**TASK GOAL**: Where the records below show a line containing "Car Beauty Cleaning", start copying; end with the line containing "Photo of Horsham, The Carfax c.1950", and copy it too.

**LISTED ENTRIES**:
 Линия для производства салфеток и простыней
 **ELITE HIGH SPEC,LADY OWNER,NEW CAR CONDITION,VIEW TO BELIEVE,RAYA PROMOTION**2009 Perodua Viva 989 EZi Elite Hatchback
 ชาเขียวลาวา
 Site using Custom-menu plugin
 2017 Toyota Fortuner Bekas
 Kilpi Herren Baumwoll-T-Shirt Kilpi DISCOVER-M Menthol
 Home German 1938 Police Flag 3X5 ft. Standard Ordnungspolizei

...

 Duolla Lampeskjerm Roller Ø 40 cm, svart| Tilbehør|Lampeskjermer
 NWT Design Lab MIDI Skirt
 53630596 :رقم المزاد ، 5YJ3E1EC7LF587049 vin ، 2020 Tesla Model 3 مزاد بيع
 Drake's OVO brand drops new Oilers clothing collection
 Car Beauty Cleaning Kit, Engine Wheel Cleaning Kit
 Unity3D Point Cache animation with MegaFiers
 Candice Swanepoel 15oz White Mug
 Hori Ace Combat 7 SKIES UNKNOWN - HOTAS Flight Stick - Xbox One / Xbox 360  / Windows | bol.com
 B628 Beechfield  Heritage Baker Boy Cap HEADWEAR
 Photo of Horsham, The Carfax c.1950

**TASK RESPONSE**:
 Car Beauty Cleaning Kit, Engine Wheel Cleaning Kit
 Unity3D Point Cache animation with MegaFiers
 Candice Swanepoel 15oz White Mug
 Hori Ace Combat 7 SKIES UNKNOWN - HOTAS Flight Stick - Xbox One / Xbox 360  / Windows | bol.com
 B628 Beechfield  Heritage Baker Boy Cap HEADWEAR
 Photo of Horsham, The Carfax c.1950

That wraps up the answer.